Probing the action of a novel anti-leukaemic drug therapy at the single cell level using modern vibrational spectroscopy techniques

• Main Authors: Joanna L. Denbigh, David Perez-Guaita, Robbin R. Vernooij, Mark J. Tobin, Keith R. Bambery, Yun Xu, Andrew D. Southam, Farhat L. Khanim, Mark T. Drayson, Nicholas P. Lockyer, Royston Goodacre, Bayden R. Wood
• Format: Article
• Language: English
• Published: Nature Publishing Group 2017-06-01
• Series: Scientific Reports
• Online Access: https://doi.org/10.1038/s41598-017-02069-5

Abstract Acute myeloid leukaemia (AML) is a life threatening cancer for which there is an urgent clinical need for novel therapeutic approaches. A redeployed drug combination of bezafibrate and medroxyprogesterone acetate (BaP) has shown anti-leukaemic activity in vitro and in vivo. Elucidation of the BaP mechanism of action is required in order to understand how to maximise the clinical benefit. Attenuated total reflectance Fourier transform infrared (ATR-FTIR) spectroscopy, Synchrotron radiation FTIR (S-FTIR) and Raman microspectroscopy are powerful complementary techniques which were employed to probe the biochemical composition of two AML cell lines in the presence and absence of BaP. Analysis was performed on single living cells along with dehydrated and fixed cells to provide a large and detailed data set.

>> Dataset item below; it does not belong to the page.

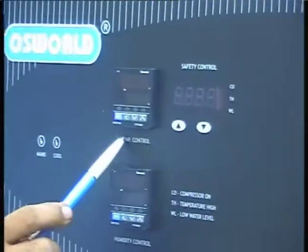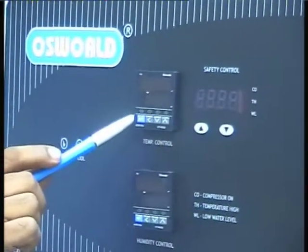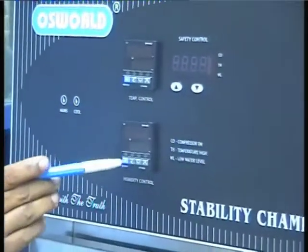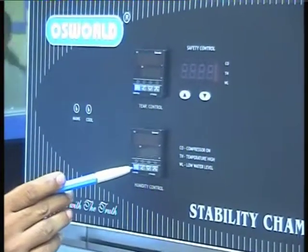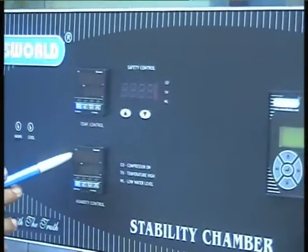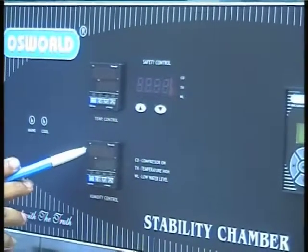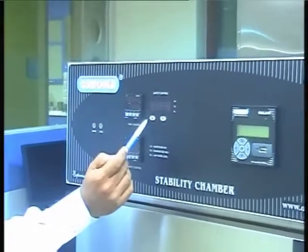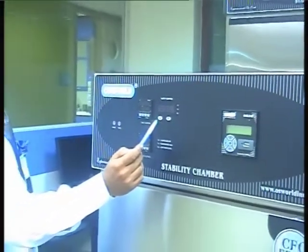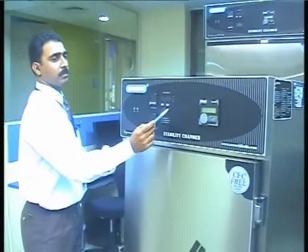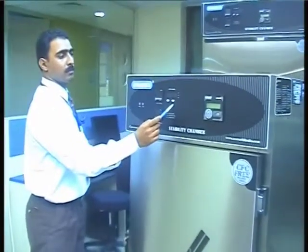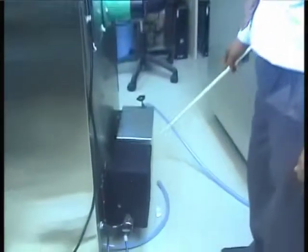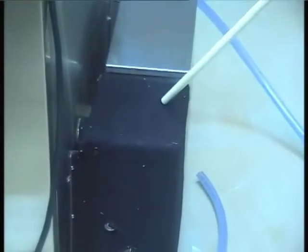The temperature controller maintains the temperature inside the chamber as per the required conditions. The humidity controller maintains humidity within the chamber as per the set conditions. The safety controller safeguards against an accidental temperature rise and cuts off the boiler heater and air heater when the temperature reaches the safety control temperature. The stability chamber also has a steam generator and reservoir.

A consideration of the main spectral differences in conjunction with multivariate statistical analysis reveals a significant change to the cellular lipid composition with drug treatment; furthermore, this response is not caused by cell apoptosis. No change to the DNA of either cell line was observed suggesting this combination therapy primarily targets lipid biosynthesis or effects bioactive lipids that activate specific signalling pathways.